Minneapolis has the signal strength, data speed and reliability to handle the onslaught of service demands that come with hosting a Super Bowl, according to a wireless coverage mapping company.
OpenSignal said the metro area has been performing well in similar studies for years, KSTP-TV reported.
"Our city is the Midwest's premier tech hub and quickly becoming a serious player nationally," Minneapolis Mayor Jacob Frey said. "To keep that momentum trucking and continue recruiting top talent, we'll need a 21st century communication infrastructure — and these investments will help make sure that we have one."
Efforts to improve connectivity in preparation for the Super Bowl began more than a year ago.

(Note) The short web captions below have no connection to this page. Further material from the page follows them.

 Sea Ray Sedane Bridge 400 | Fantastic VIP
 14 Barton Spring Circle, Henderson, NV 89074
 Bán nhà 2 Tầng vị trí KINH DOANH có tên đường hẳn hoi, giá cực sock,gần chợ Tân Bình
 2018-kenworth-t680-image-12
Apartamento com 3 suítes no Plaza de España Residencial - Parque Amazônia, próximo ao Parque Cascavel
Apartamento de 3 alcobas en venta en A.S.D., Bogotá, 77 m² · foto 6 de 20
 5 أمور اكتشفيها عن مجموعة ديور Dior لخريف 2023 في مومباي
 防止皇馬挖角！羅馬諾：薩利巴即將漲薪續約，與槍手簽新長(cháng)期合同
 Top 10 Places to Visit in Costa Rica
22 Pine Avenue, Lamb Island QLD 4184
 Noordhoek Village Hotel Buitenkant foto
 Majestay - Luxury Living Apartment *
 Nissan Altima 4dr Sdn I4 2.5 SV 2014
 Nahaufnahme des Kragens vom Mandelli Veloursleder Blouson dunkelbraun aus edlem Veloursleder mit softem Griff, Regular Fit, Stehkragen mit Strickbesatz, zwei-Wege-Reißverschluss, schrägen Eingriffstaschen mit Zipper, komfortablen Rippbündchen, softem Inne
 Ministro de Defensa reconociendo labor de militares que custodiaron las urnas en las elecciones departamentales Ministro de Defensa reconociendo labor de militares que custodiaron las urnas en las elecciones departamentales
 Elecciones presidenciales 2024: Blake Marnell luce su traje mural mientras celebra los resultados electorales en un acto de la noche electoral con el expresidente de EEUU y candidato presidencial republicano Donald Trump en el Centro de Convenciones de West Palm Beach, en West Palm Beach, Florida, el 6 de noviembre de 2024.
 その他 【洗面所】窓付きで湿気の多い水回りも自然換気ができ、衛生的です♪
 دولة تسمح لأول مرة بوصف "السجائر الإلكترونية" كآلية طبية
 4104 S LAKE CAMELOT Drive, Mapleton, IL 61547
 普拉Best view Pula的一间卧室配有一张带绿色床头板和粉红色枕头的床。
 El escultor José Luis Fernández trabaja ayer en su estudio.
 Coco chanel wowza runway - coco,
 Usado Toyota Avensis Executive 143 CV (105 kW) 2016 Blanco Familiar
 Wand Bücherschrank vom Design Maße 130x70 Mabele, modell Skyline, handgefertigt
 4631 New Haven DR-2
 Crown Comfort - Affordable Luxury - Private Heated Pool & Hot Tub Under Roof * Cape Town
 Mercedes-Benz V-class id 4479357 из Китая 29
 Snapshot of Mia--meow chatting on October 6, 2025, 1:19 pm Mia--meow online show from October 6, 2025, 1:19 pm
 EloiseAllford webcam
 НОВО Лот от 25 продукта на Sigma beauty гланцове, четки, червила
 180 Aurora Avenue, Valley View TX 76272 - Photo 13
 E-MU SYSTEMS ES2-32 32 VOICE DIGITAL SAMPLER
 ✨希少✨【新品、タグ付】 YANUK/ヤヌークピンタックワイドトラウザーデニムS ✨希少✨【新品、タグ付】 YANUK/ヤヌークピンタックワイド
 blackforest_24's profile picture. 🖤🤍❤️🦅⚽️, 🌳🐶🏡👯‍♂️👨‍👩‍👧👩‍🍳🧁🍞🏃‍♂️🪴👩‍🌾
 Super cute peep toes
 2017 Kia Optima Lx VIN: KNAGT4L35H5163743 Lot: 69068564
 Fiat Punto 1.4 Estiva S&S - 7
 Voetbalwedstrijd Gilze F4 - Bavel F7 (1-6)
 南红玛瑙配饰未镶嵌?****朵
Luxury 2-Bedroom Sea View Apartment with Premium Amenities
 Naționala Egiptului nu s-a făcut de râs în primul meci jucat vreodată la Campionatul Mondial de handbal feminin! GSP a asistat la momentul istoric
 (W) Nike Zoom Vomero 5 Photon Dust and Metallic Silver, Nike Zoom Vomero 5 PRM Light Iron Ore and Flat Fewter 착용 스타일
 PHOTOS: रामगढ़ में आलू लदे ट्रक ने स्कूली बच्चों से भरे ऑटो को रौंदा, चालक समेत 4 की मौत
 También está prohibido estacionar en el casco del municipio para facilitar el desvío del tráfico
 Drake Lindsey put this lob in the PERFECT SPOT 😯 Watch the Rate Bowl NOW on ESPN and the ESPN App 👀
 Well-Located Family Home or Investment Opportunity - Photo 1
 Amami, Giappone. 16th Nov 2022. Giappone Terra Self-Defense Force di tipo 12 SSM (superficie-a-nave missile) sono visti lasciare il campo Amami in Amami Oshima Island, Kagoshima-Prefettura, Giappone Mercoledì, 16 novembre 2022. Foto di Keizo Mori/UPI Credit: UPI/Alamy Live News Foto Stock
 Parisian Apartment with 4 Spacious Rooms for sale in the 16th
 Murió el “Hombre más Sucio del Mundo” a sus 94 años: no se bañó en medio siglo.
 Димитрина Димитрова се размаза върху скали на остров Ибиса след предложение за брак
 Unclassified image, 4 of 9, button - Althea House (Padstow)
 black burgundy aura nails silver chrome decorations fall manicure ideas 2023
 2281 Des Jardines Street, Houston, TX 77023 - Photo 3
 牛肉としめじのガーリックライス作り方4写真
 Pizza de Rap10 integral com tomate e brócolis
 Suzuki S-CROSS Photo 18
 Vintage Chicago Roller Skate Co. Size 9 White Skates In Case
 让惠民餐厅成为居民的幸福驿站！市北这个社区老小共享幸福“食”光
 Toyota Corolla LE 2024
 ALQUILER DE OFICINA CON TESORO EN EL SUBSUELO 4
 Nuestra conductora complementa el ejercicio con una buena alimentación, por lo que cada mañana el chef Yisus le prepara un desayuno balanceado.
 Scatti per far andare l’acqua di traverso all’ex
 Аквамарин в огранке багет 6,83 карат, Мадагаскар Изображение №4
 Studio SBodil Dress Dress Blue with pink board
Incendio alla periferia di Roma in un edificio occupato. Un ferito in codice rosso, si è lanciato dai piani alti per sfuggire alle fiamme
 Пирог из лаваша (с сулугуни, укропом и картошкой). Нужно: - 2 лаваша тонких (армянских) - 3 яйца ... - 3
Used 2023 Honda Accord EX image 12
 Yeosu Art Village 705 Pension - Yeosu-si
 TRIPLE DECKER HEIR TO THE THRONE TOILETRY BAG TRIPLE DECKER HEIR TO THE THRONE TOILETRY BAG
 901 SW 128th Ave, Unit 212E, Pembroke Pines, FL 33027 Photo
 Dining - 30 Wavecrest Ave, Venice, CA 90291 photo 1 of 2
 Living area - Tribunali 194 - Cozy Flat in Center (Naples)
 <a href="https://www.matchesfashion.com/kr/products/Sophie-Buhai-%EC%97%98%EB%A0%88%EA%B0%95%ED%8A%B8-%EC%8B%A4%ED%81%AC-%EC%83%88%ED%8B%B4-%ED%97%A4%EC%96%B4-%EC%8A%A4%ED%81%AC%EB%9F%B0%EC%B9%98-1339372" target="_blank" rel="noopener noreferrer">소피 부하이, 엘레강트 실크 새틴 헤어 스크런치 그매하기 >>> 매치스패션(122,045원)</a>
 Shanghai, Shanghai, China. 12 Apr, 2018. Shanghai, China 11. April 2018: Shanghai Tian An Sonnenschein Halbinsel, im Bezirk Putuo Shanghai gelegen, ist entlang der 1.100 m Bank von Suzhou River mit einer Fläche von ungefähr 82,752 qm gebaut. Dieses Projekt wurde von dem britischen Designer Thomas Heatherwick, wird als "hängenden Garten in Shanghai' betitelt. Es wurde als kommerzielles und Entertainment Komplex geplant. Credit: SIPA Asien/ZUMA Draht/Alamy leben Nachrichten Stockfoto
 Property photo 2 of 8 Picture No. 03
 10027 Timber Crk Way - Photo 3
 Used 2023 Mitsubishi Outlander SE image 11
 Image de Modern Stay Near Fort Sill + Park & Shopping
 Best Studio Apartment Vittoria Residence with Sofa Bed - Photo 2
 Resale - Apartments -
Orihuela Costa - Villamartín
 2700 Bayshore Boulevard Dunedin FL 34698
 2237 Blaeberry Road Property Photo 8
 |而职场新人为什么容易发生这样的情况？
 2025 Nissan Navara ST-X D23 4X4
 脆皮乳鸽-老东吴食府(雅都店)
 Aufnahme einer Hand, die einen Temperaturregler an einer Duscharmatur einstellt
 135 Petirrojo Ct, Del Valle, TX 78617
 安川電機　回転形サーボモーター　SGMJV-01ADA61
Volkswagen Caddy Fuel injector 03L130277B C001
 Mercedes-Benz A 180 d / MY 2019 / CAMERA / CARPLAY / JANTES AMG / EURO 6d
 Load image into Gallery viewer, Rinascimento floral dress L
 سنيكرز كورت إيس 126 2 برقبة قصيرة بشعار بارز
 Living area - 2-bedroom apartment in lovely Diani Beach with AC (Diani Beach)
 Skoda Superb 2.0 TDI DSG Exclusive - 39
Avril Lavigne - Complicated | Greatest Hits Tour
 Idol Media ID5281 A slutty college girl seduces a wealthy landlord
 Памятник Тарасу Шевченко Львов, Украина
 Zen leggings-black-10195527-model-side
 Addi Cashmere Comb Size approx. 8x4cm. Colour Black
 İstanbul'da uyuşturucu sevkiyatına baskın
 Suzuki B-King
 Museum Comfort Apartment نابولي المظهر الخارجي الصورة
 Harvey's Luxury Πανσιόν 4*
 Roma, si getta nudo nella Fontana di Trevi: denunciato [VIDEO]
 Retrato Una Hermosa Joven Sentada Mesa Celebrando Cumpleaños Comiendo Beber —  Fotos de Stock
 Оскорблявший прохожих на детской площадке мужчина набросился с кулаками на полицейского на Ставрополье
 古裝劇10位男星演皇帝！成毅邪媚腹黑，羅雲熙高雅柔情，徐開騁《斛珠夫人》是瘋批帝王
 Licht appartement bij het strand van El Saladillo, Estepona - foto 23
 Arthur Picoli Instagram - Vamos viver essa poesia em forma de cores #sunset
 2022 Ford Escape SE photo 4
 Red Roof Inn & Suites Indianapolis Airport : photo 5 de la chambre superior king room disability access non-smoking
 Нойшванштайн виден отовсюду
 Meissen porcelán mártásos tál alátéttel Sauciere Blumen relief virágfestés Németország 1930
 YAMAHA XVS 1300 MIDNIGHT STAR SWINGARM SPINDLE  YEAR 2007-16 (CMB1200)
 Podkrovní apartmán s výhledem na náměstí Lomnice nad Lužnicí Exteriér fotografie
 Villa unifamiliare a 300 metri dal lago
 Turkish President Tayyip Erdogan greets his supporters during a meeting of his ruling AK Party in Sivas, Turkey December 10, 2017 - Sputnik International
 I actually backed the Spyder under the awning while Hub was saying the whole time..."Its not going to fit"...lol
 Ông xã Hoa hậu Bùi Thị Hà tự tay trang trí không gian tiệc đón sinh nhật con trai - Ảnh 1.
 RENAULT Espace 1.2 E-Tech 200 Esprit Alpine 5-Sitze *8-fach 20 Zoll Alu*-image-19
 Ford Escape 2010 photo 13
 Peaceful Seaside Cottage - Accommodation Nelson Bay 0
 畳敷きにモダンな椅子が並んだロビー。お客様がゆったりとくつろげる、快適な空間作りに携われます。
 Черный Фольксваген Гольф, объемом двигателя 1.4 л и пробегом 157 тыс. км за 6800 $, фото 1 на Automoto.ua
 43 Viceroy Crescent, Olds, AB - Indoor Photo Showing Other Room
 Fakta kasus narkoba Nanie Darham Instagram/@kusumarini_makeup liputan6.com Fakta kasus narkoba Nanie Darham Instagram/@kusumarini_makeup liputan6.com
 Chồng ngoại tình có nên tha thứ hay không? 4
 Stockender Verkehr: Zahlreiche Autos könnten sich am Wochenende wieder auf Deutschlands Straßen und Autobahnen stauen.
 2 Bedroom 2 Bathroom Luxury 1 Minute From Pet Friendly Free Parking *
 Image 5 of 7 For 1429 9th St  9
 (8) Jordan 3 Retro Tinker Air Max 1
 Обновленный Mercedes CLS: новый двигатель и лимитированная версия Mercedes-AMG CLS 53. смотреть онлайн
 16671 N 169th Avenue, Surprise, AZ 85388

Major wireless carriers have been working to boost small-cell and other technologies to increase wireless capacity.
The Xcel Energy Center, the Minneapolis Convention Center and the Mall of America have also been working to improve their distributed antenna systems.
"The upgrade has been going on and off for the better part of a year," said Lane Carlson, facilities manager for the convention center. "But it's been hot and heavy for the last three or four months."
The improvements will also make the facility a more appealing location for future conventions, Carlson said.
The Mall of America has added 1,200 antennas, 50 miles of cable and numerous temporary Wi-Fi access points, according to a spokesman.
Officials hope the efforts will allow the influx of Super Bowl week visitors to be able to take selfies, record video and seamlessly post content on their social media accounts.
The city expects to see about 1 million visitors during the week of the Super Bowl.
Super Bowl Opening Night is on Jan. 29, and the game itself is Feb. 4, on NBC.